Dr Claire Spottiswoode

Tel: +44 (0) 1223 768 946
Fax: +44 (0) 1223 336 676
Email: cns26 at cam.ac.uk

Position held: Royal Society Dorothy Hodgkin Research Fellow
Raymond & Beverly Sackler Senior Research Fellow, Magdalene College

Research
 

I'm an evolutionary ecologist working particularly on Afrotropical birds. My research currently focuses particularly on coevolution between brood parasitic birds and their hosts, but I am also interested in and have worked on life history evolution, sexual selection, bird migration, and conservation.

My work is funded by a Royal Society Dorothy Hodgkin Research Fellowship, the DST/NRF Centre of Excellence at the Percy FitzPatrick Institute of African Ornithology at the University of Cape Town, South Africa (where I am a Research Associate) and a L'Oréal-UNESCO For Women in Science Fellowship. From 2013 to 2018, I'll be supported by a BBSRC David Phillips Fellowship.

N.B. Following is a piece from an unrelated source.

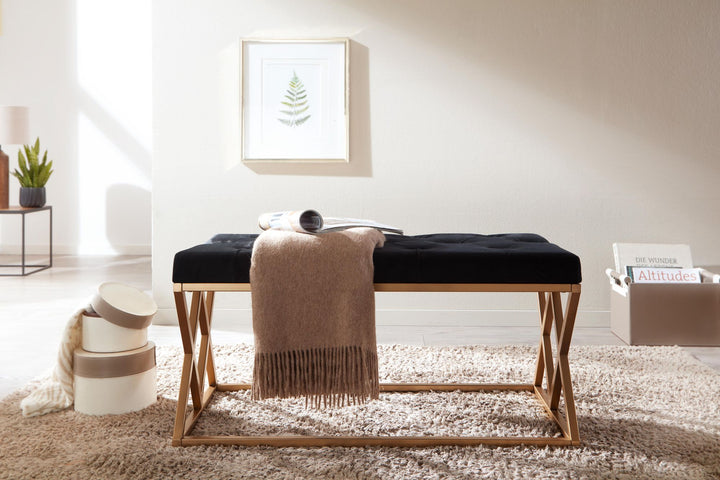 Elegante Samt Polsterbank_ Chesterfieldmuster_ goldenes Metallgestell_ 90 cm Breite_ kompakt und vielseitig - KADIMA DESIGN_Größe_ 90x44x46 cm_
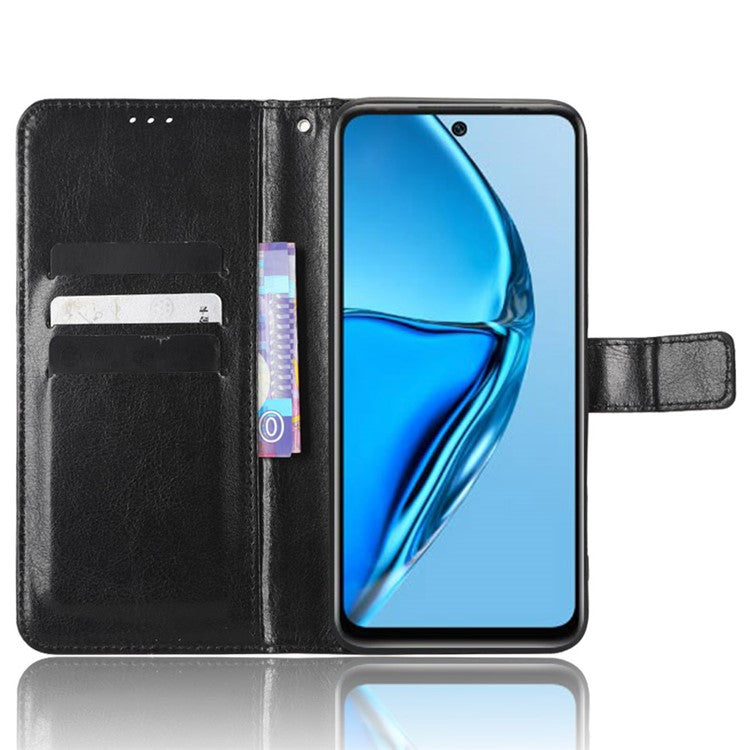 For Infinix Hot 20 4G / X682B Crazy Horse Texture PU Leather Phone Case Phone Stand Wallet Cover - Black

Prospective students interested in host-parasite coevolution or any of the other fields below are very welcome to contact me. Please also visit our group Opportunities page for more information on funding possibilities for graduate students and post-docs.

 
 
 

HOST-PARASITE COEVOLUTION

At a study site in the Choma District of southern Zambia, I study coevolutionary interactions between three independently evolved brood parasitic species, the Cuckoo Finch Anomalospiza imberbis, Greater Honeyguide Indicator indicator and African Cuckoo Cuculus gularis, and their respective hosts. These are ongoing field projects involving a range of coevolutionary questions, but focussing particularly on coevolutionary arms races in egg appearance between hosts and parasites that mimic their eggs, and the evolution of host-specificity within parasitic species that exploit multiple hosts species

Cuckoo Finches:
Cuckoo Finches parasitise a range of warbler (Prinia and Cisticola) species, some of which have extraordinarily variable eggs between females of the same species, which have in turn been mimicked by their parasite (right). The extreme variation in appearance of host eggs (egg 'signatures') seems to make them more difficult to forge by parasites: complex egg appearance seems to foil mimicry just as the complex watermarks on banknotes deter forgers. Together with Martin Stevens, I am investigating how coevolution between host and parasite has been shaped by visual perception. By means of field experiments and visual modelling to quantify egg appearance through a birds' eye, we have found that hosts use several different aspects of egg colour and pattern as cues of parasitism, and that these are precisely those egg traits that reveal the most reliable information about whether an egg is likely to be parasitic (see 27). We have also found that coevolution can take divergent trajectories in different hosts: two different defence strategies (egg signatures and improved visual discrimination) are equally effective as host defences (see 31). Some of these research questions were recently discussed in an interview published in The Observer.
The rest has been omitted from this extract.